The Dinotopia miniseries was something that I remember being a sensation here in the UK, something that was massive when it came out, only to become something few remembered afterwards. It was a story about a dad and his teenage boys that crash land on an island inhabited by humans and talking dinosaurs (at least the herbivores, the carnivores are just dinosaurs). This game isn’t based on the show, but the book itself, set 10 years later when the dad is killed by a T-rex and his kids have different reactions. One joins the evil outsiders for revenge against dinosaurs, while the other honours their dad by choosing to become a guardian.

This game gave me a great sense of deja-vu, but I’ve definitely never played it. It’s a really basic action adventure game with extremely linear levels and nothing but fetch quests. As you level up, you get more combos, but it doesn’t really change it up much as all of them are still just mashing the A button. Positioning doesn’t matter, so it all feels like a low quality Ocarina of Time. In fact, this whole game kind of feels like it’s from an alternate timeline where Ocarina of Time didn’t show us how to do these things well. Your block can’t be broken and somehow protects you from all sides (your piddly mallet somehow stops a large dinosaur biting the back of your neck), so all you need to do for fight is block when you’re not attacking.

There are a few different sections to mix things up. There are a few flight levels, nowhere near as good as the ones in Turok Evolution. Then there’s also you get to control a large mechanical mech thing, something that you have to work towards for many levels. It just plays the same as being on foot, except the block doesn’t seem to work. On this level, you have to destroy all the other mechs, and one fell through the level, so I couldn’t continue. I had a quick scan at the rest of the game and there’s not much else of note (you even replay the same levels a few times).
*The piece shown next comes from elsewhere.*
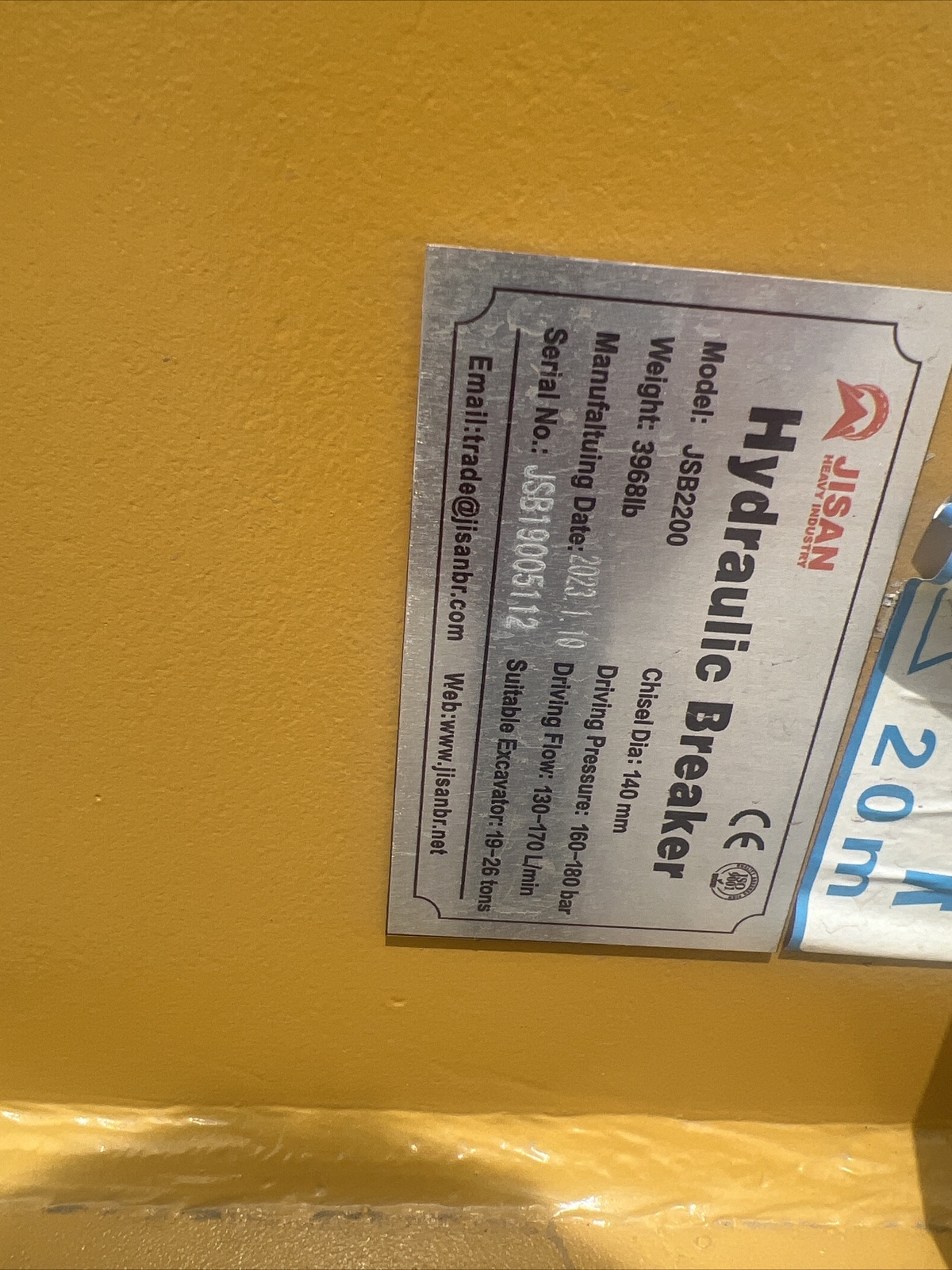 Jisan JSB2200 Cat 320 Hydraulic Hammer Concrete Breaker 80 MM Pins Excavator New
What is of note, however, is the dialogue and voice acting. The writing is overly flowy, with characters spending ages talking while saying absolutely nothing. The voice acting is atrocious (especially with the bad British accents) yet there was something familiar about, looking up and there were five voice actors: Jeannie Elias, Maurice LaMarche, Tress MacNeille and Billy West. All accomplished voice actors, including the voices of Kif, Leela and Fry in Futurama (which was in its final original season when this came out). There’s one moment I found amusing because I couldn’t take a sage seriously. Not because he was a dinosaur waffling on about nonsense, but because he was speaking in the voice of Zapp Brannigan. That said, this or every elderly female character sounding like Mom are the only highlights of this game.

Dinotopia: The Sunstone Odyssey is a hugely boring time all-around, a cardinal sin considering it stars prehistoric creatures. It does little justice to its beloved source material, the original narrative is an absolute snooze, combat fails to tie things together and despite its short runtime, the adventure really drags. It fails as an action RPG, misses the mark compared to even the weakest Dinotopia works, and in the end, is best left to extinction.
Shane Battams, The Pixel Empire
Remake or remaster?
There’s nothing worth experiencing here other than the bad voice acting.
Official Ways to get the game
There is no official way to get Dinotopia: The Sunstone Odyssey.